Remote Sensing in an Abandoned Graveyard Near Bayou Teche

On December 18, 2014 the New Acadia Project crew and a group of student volunteers cleared brush from a small graveyard in a wooded area in Iberia Parish in order to conduct remote sensing. Although well known to local residents and the property owner, the graveyard had been abandoned and was overgrown. Of the five marked burials and vaults in the graveyard, only one headstone has an inscription.

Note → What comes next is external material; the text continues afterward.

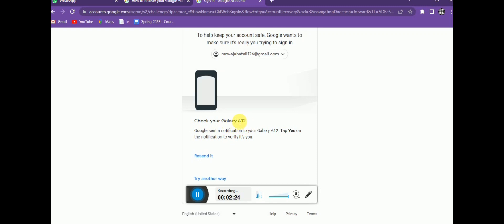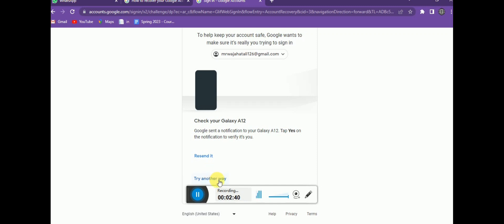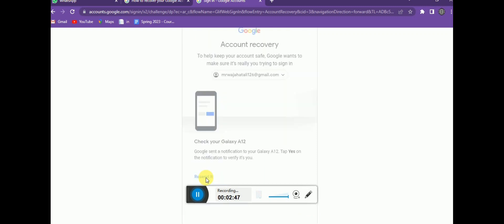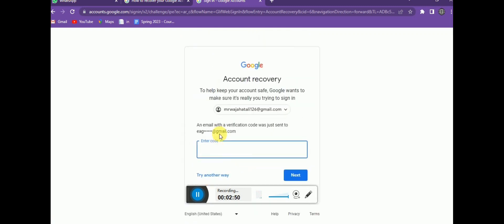You can easily recover your account if you have two-step verification enabled. I have a separate video on how to set up two-step verification to make your account secure. I'm trying another way now, because if someone else is using your account, the notification method will not work for you.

The burial of Jules Berard dates from 1888. The objective of remote sensing is to locate unmarked burials potentially associated with the 1765 settlement of New Acadia.


The New Acadia Project crew and volunteers on December 18. 
An abandoned and overgrown graveyard near Bayou Teche. 
The graveyard after it was cleared.
After clearing the cemetery, the crew returned on December 20
to conduct remote sensing.
Leaves and small branches were removed with rakes to
inspect the surface in preparation for remote sensing.
A total station was used to establish a site grid.

The grid was laid out for remote sensing.
 Grid lines were marked with wooden
stakes and plastic flags.
The Cesium Magnetometer was expertly assembled.

Setting up the Cesium Magnetometer.
Using the magnetometer to collect data along transects.
Remote sensing with a Cesium Magnetometer.


Analysis of the data collected from remote sensing is still in process. Preliminary results, however, indicate several subsurface anomalies in and around the graveyard. Only one of these anomalies is a known grave associated with a headstone.

One of the areas surveyed with the magnetometer, showing a
magnetic anomaly not associated with a marked grave.